- Developer: Sphere
- Publisher: Spectrum HoloByte
- Producer: Joe Scirica
- Designers: Dan Geisler Gilman Louie
- Programmers: Dan Geisler Jinda Pan Sky Chang Joe Tretinik Kus Pranawahadi Erick Jap
- Artists: Dan Guerra Matt Carlstrom Jody Sather
- Composer: Jinda Pan
- Platforms: MS-DOS, Macintosh, NEC PC-9801
- Release: NA: October 1989;
- Genre: Racing
- Modes: Single-player, networked multiplayer

= Vette! =

1989 video game

Vette! is a racing video game published by Spectrum Holobyte for MS-DOS compatible operating systems in 1989, followed by Macintosh and NEC PC-9801 ports. The objective is to race a Chevrolet C4 Corvette through the streets of San Francisco. The game uses a 3D, flat-shaded polygon rendering of the city, including landmarks such as the Golden Gate Bridge, the San Francisco Bay Bridge, and Lombard Street. It was released on three floppy disks in both a black and white and color version.

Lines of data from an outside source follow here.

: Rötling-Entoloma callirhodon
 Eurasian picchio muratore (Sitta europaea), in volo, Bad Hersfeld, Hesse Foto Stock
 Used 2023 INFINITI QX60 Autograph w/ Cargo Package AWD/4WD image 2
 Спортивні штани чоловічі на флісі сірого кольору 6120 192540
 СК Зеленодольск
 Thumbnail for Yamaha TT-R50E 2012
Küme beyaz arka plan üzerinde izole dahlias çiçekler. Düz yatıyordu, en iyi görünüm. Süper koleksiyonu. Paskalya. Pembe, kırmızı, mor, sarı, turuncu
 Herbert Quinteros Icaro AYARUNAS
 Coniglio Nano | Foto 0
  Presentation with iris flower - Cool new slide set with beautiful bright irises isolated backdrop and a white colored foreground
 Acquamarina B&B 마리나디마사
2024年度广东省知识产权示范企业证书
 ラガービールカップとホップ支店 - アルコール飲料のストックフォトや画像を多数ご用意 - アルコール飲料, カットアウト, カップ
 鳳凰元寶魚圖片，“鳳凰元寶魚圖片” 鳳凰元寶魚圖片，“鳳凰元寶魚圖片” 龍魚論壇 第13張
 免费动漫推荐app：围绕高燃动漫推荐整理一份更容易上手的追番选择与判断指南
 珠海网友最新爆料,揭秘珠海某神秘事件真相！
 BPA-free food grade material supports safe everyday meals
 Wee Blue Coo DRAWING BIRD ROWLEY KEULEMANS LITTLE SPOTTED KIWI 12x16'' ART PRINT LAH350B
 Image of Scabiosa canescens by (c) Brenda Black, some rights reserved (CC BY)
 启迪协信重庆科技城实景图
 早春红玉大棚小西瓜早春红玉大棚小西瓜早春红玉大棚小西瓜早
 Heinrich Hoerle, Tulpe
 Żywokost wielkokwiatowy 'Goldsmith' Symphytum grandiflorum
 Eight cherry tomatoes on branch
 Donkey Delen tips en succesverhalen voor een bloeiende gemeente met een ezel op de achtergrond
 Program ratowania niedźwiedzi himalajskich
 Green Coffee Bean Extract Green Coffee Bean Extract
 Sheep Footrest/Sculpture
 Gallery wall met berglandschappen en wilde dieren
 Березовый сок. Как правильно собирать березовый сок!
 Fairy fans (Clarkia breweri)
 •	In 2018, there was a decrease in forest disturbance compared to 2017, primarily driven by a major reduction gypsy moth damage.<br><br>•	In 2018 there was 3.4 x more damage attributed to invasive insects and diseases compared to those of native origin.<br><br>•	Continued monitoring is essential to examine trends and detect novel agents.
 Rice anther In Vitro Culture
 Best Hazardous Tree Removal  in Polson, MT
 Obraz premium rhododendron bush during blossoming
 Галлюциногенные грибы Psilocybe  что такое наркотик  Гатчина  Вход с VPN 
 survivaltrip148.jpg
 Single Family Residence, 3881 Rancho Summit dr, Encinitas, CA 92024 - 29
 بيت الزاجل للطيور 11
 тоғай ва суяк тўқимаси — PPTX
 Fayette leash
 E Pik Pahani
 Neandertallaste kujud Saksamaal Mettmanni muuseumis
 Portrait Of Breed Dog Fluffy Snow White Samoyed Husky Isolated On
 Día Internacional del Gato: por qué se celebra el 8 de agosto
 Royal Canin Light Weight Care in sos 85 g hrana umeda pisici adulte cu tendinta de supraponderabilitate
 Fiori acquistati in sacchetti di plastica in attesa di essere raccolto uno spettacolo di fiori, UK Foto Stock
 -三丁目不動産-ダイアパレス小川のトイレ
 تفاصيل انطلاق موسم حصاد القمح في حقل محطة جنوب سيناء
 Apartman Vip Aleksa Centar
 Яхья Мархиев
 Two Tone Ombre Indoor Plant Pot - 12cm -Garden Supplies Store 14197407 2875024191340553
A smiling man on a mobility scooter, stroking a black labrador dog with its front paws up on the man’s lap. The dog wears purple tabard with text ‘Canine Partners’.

A Sega Genesis version was planned, but never released.

==Gameplay==

- Car damage that affects the engine and handling.
- Full control over the game's camera views, including an interior cam with a full working dashboard.
- The ability to drive anywhere within the modeled city including highways, tunnels, and bridges.
- Pulling over at various gas stations that would repair the car.
- Being able to run people over.
- Driving erratically can attract the attention of a nearby cop, triggering a chase, which can result in getting pulled over. There are eight excuses to choose from unless charged for vehicular homicide by running over at least one pedestrian during the chase, or within close proximity of a cop.

At the beginning of the game, a question from the manual requires a correct answer to prove game ownership. If the question is falsely answered, the game can be played for a limited time before a window pops up claiming "You have been caught driving a stolen Vette!", followed by the game crashing.

==Development==
During the development of this game, the attack on protesting Chinese students in Tiananmen Square occurred. In memory of that event, one of the programmers snuck this string into the program executable: "IN MEMORY OF THOSE WHO WERE MURDERED IN TIAN-AN-MEN SQUARE ON JUNE 4, 1989. J.P. "

==Reception==
Tony Dillon of ACE praised Vette! for its "complexity of design combined with clever simplicity in presentation" and its varied gameplay, and opined that the game "doesn't quite have the edge over Stunt Car, but it sure isn't far behind." Peter Scisco of Compute! favorably reviewed the game, describing it as "Falcon AT on the ground." He praised the game's detail and EGA graphics, only criticizing the lack of sound card support, and concluded that "Vette! surpasses other driving simulations in its scope and realism".